I've lost EIGHTY POUNDS. One of my kids weighs 88 pounds. I've finally lost some of my baby weight - har har, har, har, har.
I didn't expect it today. OK, I kinda did. But we were away for the weekend with friends, and that's always a gamble.
Although, in retrospect, I didn't go on a bender, or do anything I shouldn't have. I stuck to the plan.
I drank almost an entire bottle of wine. That would have been a downfall.
And... a martini.
We ate out.
We were busy.
I didn't track my calories.
But other than all that, I planned well, ate well.
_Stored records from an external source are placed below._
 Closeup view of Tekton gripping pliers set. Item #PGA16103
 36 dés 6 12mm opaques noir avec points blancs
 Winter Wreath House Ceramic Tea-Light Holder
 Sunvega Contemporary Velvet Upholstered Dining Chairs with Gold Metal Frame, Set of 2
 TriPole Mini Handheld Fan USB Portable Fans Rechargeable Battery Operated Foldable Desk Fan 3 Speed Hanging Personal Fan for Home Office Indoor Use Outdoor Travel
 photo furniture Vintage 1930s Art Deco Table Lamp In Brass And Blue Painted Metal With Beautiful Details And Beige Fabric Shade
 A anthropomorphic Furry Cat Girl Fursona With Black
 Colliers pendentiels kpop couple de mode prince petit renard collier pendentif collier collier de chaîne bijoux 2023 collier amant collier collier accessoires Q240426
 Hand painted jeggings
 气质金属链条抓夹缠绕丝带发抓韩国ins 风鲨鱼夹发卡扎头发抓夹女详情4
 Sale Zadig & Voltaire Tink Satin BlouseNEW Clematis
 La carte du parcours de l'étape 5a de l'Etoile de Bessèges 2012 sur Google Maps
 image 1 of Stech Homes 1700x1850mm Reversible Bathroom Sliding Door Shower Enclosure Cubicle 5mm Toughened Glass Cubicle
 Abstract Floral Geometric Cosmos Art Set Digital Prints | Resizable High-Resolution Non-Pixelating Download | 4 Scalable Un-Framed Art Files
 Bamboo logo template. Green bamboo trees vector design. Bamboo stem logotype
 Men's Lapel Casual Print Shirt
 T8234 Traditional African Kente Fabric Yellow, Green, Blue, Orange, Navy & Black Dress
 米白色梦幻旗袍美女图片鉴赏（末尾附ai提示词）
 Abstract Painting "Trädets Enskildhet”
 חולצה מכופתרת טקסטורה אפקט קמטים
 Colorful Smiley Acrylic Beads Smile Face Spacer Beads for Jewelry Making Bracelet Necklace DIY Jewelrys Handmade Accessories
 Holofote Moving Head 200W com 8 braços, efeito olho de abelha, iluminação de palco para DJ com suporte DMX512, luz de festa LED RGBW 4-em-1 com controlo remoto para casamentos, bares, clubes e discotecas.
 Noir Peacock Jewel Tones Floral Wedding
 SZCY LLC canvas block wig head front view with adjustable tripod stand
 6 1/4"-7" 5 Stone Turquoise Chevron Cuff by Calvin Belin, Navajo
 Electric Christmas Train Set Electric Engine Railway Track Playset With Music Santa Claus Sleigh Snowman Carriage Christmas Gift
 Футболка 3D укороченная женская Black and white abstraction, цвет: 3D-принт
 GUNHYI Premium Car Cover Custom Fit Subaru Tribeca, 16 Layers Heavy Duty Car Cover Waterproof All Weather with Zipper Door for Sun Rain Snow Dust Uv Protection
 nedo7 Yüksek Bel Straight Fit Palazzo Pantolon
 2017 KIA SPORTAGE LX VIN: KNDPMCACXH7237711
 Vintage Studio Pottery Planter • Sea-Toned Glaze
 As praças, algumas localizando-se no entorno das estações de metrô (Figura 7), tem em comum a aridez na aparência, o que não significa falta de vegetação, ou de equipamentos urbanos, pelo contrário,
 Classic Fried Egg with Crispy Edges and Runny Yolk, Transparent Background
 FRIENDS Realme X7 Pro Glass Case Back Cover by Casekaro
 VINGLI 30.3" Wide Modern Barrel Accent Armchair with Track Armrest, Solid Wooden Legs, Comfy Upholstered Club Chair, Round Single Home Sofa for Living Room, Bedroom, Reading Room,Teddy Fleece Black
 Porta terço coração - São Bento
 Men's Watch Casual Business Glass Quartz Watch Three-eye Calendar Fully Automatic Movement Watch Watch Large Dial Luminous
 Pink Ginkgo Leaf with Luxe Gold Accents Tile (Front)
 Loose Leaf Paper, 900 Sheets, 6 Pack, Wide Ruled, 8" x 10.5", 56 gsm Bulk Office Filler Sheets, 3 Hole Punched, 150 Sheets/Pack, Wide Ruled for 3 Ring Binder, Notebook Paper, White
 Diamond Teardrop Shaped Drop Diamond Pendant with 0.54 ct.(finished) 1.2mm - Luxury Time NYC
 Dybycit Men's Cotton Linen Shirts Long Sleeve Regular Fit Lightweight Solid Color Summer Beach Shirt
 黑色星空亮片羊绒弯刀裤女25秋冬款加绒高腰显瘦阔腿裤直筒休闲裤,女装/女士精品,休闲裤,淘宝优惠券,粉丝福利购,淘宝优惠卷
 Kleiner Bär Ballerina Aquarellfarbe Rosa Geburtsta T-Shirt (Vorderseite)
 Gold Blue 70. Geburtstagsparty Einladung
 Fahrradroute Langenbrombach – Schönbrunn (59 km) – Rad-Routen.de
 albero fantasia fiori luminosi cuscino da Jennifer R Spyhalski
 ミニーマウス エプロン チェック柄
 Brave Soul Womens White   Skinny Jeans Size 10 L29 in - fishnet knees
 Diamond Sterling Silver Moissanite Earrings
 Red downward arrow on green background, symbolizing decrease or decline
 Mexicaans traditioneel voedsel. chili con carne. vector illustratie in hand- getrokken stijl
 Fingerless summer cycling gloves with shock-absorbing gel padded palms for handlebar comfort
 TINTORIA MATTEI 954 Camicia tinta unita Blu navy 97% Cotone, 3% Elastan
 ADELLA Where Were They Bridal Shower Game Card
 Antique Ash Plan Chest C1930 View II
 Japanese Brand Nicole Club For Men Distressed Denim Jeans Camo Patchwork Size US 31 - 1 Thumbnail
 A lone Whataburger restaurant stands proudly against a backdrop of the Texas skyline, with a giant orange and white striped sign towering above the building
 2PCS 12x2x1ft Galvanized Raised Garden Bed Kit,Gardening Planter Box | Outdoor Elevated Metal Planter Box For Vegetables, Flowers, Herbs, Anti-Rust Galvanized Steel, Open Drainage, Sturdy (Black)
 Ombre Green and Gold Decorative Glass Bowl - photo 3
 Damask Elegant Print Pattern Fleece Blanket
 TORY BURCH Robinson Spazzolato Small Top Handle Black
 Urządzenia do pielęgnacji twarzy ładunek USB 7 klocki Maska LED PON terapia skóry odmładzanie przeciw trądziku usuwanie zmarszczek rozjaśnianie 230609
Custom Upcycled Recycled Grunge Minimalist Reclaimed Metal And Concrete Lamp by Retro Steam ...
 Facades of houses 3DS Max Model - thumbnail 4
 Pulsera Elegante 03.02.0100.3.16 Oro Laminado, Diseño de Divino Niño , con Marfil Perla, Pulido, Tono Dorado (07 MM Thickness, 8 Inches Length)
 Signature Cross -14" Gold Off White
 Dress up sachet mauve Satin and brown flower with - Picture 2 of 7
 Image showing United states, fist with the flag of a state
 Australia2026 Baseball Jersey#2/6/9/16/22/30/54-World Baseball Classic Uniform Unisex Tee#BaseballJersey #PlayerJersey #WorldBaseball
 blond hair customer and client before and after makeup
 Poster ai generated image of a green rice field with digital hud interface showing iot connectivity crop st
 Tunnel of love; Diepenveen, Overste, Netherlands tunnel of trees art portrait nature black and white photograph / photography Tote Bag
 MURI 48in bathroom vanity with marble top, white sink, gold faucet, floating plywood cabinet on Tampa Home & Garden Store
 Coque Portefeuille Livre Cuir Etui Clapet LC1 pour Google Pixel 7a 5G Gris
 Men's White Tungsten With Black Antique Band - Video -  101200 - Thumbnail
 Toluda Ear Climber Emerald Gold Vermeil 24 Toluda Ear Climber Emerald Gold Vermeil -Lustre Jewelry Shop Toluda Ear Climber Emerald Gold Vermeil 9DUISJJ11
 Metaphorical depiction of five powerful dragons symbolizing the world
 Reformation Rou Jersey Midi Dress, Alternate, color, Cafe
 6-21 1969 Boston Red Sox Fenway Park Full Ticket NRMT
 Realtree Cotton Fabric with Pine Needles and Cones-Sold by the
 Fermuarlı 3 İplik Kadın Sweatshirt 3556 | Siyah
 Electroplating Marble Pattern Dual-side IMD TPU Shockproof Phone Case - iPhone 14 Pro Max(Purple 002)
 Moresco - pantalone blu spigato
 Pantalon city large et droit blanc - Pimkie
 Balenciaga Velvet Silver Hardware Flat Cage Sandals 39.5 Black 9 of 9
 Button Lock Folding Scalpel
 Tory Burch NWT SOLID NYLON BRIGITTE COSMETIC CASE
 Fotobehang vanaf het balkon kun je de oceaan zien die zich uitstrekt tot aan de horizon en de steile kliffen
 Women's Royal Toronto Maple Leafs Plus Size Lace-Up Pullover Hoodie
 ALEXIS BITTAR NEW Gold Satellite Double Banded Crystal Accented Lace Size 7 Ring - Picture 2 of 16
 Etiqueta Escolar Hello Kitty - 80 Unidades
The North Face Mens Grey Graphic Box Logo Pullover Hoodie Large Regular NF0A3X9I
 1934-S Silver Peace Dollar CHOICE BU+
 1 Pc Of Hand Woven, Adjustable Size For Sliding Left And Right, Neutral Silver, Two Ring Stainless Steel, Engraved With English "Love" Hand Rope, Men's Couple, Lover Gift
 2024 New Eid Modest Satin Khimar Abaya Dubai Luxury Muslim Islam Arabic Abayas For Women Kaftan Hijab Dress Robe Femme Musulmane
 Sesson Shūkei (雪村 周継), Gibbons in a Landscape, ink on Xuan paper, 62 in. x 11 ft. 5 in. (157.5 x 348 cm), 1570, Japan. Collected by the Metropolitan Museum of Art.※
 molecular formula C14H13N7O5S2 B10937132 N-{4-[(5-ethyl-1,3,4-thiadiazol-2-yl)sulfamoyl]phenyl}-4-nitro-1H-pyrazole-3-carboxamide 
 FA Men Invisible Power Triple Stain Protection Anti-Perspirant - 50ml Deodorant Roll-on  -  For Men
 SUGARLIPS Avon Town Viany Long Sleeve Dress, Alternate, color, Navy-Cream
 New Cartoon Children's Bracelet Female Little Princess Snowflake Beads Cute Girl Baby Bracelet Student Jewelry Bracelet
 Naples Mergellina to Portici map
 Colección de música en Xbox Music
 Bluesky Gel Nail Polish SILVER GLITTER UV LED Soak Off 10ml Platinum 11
There were plenty of goodies I could have eaten, but I skipped them. I had strawberries, egg muffins, cheese muffins, pistachios, my tea... it worked out. And strangely, I didn't care about the food so much. Being able to open my suitcase and grab clothes that felt good on my body was way over the top hands down a better feeling than stuffing a sweet, gooey cupcake in my mouth.
The way I felt in my clothes lasted all day and into the night, and a cupcake doesn't last that long. An orgasm doesn't even last that long.
3 comments:
Your last sentence really made me chuckle.
Congratulations on the 80 lb loss. That is phenomenal!
Lori
aweeeeeeesome! congrats on 80; that's so inspiring. Our starting weights are not too far apart (someday I'll be brave and post)and I love hearing how amazing the 250s feel. have a great week!
Lori, thank you. It's good to see it written out like that. Reality check for me!
Sara, thank you! I feel like I'm opening a gift each day.